We went to Turkey to witness more than a million people occupying its streets and public squares at first-hand. Following a protest against the cutting down of trees in one of Istanbul’s last green areas in order to build a shopping mall on Taksim Square, protestors occupied the area with an encampment, blocking the building’s construction. The protest grew and become a wider movement of civil society against the current government under the Islamic Justice and Development Party, which controls the courts, the parliament, the police, and the press.
June on the streets — Against the backdrop of street protests and growing popular indignation, a rise in public transport fares sparked mass mobilizations in cities throughout Brazil. In a short space of time, the mobilizations outgrew their original focus on transport, and also spilled over beyond the boundaries of Brazil’s major urban conglomerations.
Getting naked. Political power bowed down down before the streets, changing its approach and discourse completely in response to the desires bringing millions together in an instant, via the social networks. Hundreds of mayors revoked the rise in bus fares, and the President herself, Dilma Rousseff, in a rare U-turn on the part of the political Left establishment, made an unprecedented announcement on national TV acknowledging the legitimacy of the street movements, and announcing the prospect of a referendum on political reform.

With the exception of this brief interlude, however, power preferred to manifest itself via other means: gas, bombs, and blows.
The repression, which sparked fierce debate about the demilitarization of the military police on social networks, was also one of the catalysts for the events of this long and intense month. If on the streets it was the military police that did the beatings, in the battle for hearts and minds, the old-guard media was working all-out to confound and co-opt the masses. And they were successful, in part. When the established media switched to supporting the protests, the more conservative sectors of society took to the streets with the conquering swagger they have perfected over centuries. From the Passe Livre movement for free fares to the black blocs, we were live, capturing the events as they unfolded …

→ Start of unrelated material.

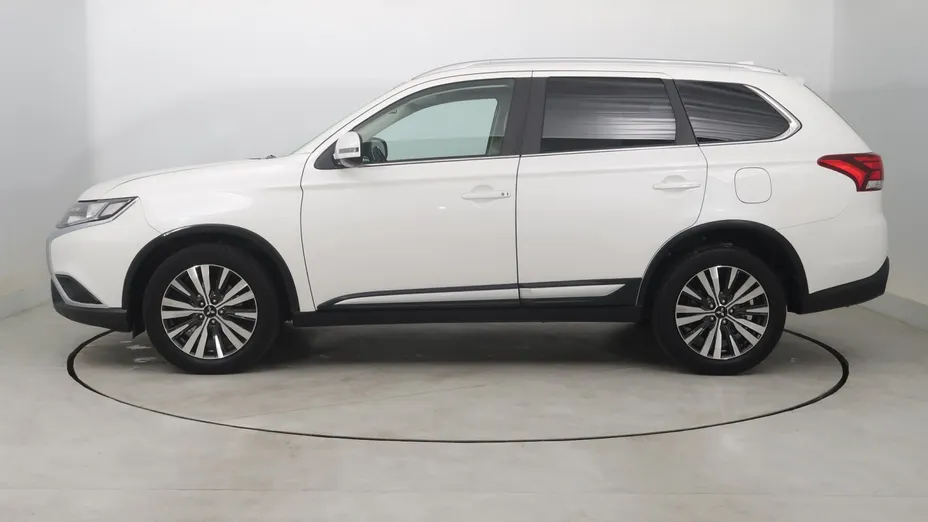 Mitsubishi Outlander -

The War of Memes, São Paulo — 18 June
“On the corner of Paulista and Consolação, a Coca Cola display sat undisturbed, celebrating the imminent Confederations Cup. Spelled out in soda cans, ‘Let’s color Brazil,’ bragged the slogan. Someone had an idea: ‘Shall we set it on fire?’” — Bruno Torturra
Through the small, 400-pixel window of the Japanese twitcast server, more than 50,000 people watched the final sequence: the display in flames, the arrival of the military police, the arguing with unidentified police officers. Following that live broadcast, the video clocked up more than 100,000 views.
Violence, a state monopoly?

“The Black Blocs, but also all those who suffer power’s effects physically — black youth from the favelas, the homeless, and now activists and independent journalists — put forward in a very explicit way a question that is decisive for all of us: that of the monopoly of violence by the state. And every political cause there implied, from an end to deaths in the favelas to the total demilitarization of police and the neutralization of the deathly power of that institution.” — Ivana Bentes
Red tide — 20 June

“Every inch of space was in dispute, with the old school pitted against the newly awakened. Flags were snatched away, torn and burnt for the right to refuse to tolerate the other. Black, homeless and landless movements as well as left-wing parties saw at close quarters the power of a ‘white democracy,’ which labels, negates and persecutes difference on behalf of the common good.”
Equally violent was the struggle over colors, with the streets brusquely taken over by crowds in patriotic yellow and green, who were mostly hostile to any flag besides the Brazilian one. This group aimed, for the most part, to expel political parties and social movements from the streets. The latter, fearful of a co-option of the movement by the Right, the media, or by a civic lack of consciousness, claimed the streets as their territory. Down Avenida Paulista, against the tide, came the reaction: a bloc calling itself the “red wave.”
In no time at all, they were met with hostility, for the most part from protest virgins who thought they were witnessing a turning point: a revolutionary “Enough!” Non-partisan, generally poorly informed, euphoric, and imbued with a fresh feeling of civic purpose, they repeated the mainstream media’s favorite meme: “The giant has awoken.”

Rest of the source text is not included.